Personal information
- Born: 23 July 1970 (age 55) Šiauliai, Lithuania
- Height: 1.80 m (5 ft 11 in)

Figure skating career
- Country: Lithuania
- Partner: Margarita Drobiazko
- Skating club: Sports School Baltu Ainiai
- Began skating: 1974
- Retired: 2002, 2006

Medal record
Figure skating
Ice dancing
Representing Lithuania
World Championships
| Bronze medal – third place | 2000 Nice | Ice dancing |
European Championships
| Bronze medal – third place | 2006 Lyon | Ice dancing |
| Bronze medal – third place | 2000 Vienna | Ice dancing |
Grand Prix Final
| Bronze medal – third place | 2001-2002 Kitchener | Ice dancing |
| Bronze medal – third place | 2000-2001 Tokyo | Ice dancing |
| Bronze medal – third place | 1999-2000 Lyon | Ice dancing |

= Povilas Vanagas =

Lithuanian ice dancer

Povilas Vanagas (/lt/; born 23 July 1970) is a Lithuanian ice dancer. With his wife Margarita Drobiazko, he is the 2000 World bronze medalist, a three-time Grand Prix Final bronze medalist, a two-time European bronze medalist (2000, 2006), the 1999 Skate Canada champion, and competed in five Winter Olympics, finishing as high as 5th.

== Career ==
Vanagas began skating at the age of three. His mother, Lilija Vanagiene, was Lithuania's national skating coach. Vanagas won six national titles in men's singles. At age 18, he was drafted into the Soviet Union army and sent to Moscow, Russian SFSR. Given a choice between becoming a soldier or skating full-time, Vanagas chose to become an ice dancer.

Tatiana Tarasova paired Vanagas with Russian ice dancer Margarita Drobiazko in Moscow. After the breakup of the Soviet Union, they decided to represent Lithuania. Vanagas said, "It was difficult at the beginning because there was a lot of friction between Russia and Lithuania. Since Rita is Russian, it caused many problems." They moved to Kaunas, Lithuania and began training with Elena Maslennikova. In 1995, they began working also in England with Betty Callaway, Jayne Torvill, and Christopher Dean.

In 1999, Drobiazko and Vanagas began spending time with Elena Tchaikovskaia in Moscow, while continuing to work with Maslennikova in Kaunas. They were also coached by Lilija Vanagiene and Anatoliy Petukhov. Drobiazko and Vanagas retired from competition following the 2001–2002 Olympic season, but returned to competition in 2005 to compete at their fifth Olympics.
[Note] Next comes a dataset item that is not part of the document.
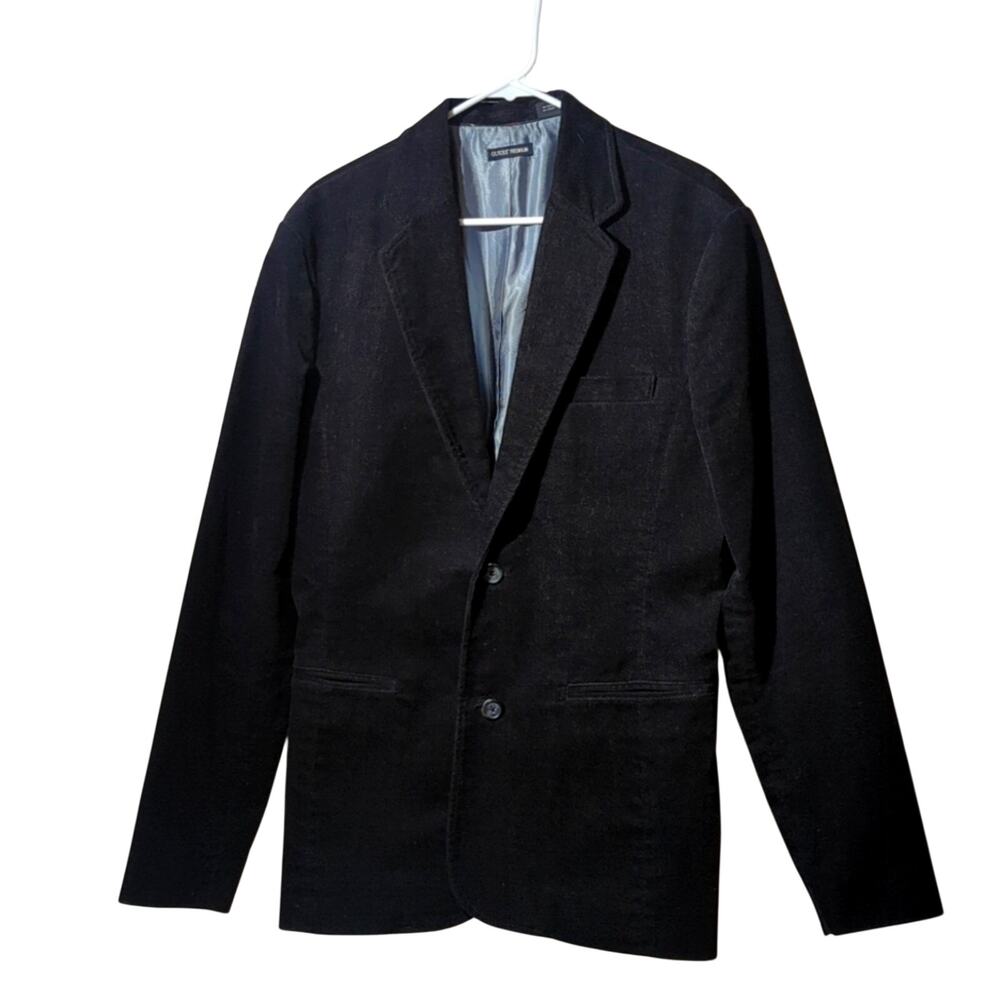 Guess Premium Black Textured 100% Cotton Two Button Sports Coat Men's Size L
In preparation for the 2005–2006 season, they worked with Maslennikova, Rostislav Sinicyn, Igor Shpilband, Marina Zueva, Gintaras Svistunavicius, and David Liu, in the United States, Germany, Russia, and Lithuania. Drobiazko and Vanagas became the first and only figure skaters to compete at five Olympics. They retired again in 2006 following the World Championships.

Their choreographers included Elena Maslennikova, Jayne Torvill and Christopher Dean, Elena Tchaikovskaia, Tatiana Pomerantseva, Elena Kholina, Yuri Puzakov, Vasily Kleimenov, and Gintaras Svistunavicius.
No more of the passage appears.